# Your instructions
Beginning with the first line below, retype exactly each line through the one containing "Ross-simons 12mm Cultured". Leave out all pictures.
START Material provided
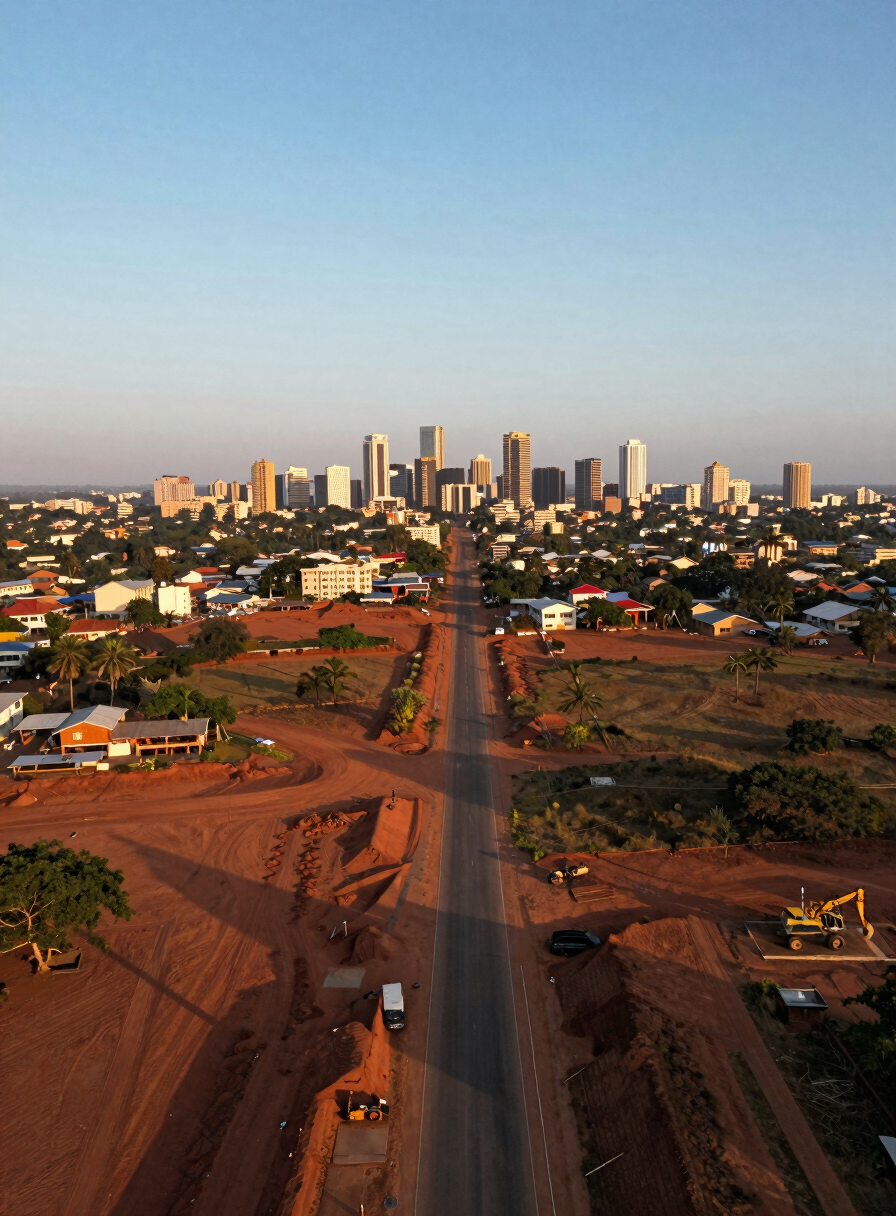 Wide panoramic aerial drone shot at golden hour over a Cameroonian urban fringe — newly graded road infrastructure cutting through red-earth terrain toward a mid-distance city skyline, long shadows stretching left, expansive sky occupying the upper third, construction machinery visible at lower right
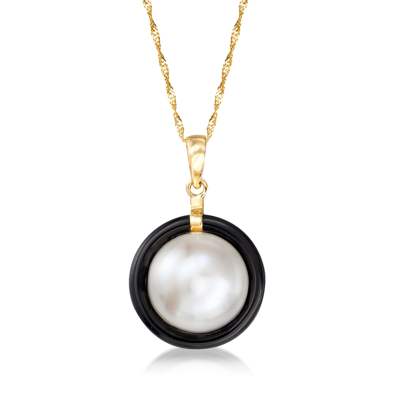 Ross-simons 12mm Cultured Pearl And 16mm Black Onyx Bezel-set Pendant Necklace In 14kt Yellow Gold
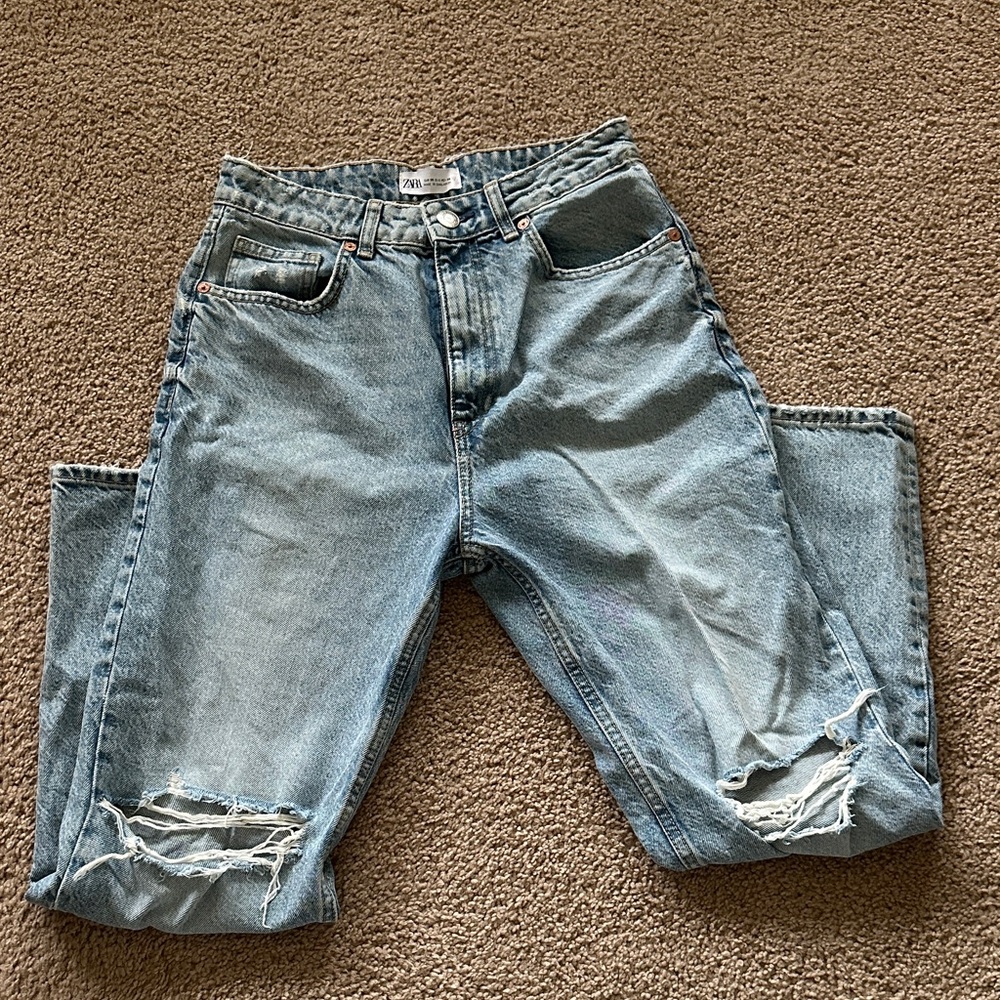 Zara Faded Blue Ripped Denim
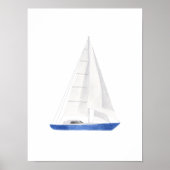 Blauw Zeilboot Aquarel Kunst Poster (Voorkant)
END Material provided
# Response area
 Wide panoramic aerial drone shot at golden hour over a Cameroonian urban fringe — newly graded road infrastructure cutting through red-earth terrain toward a mid-distance city skyline, long shadows stretching left, expansive sky occupying the upper third, construction machinery visible at lower right
 Ross-simons 12mm Cultured Pearl And 16mm Black Onyx Bezel-set Pendant Necklace In 14kt Yellow Gold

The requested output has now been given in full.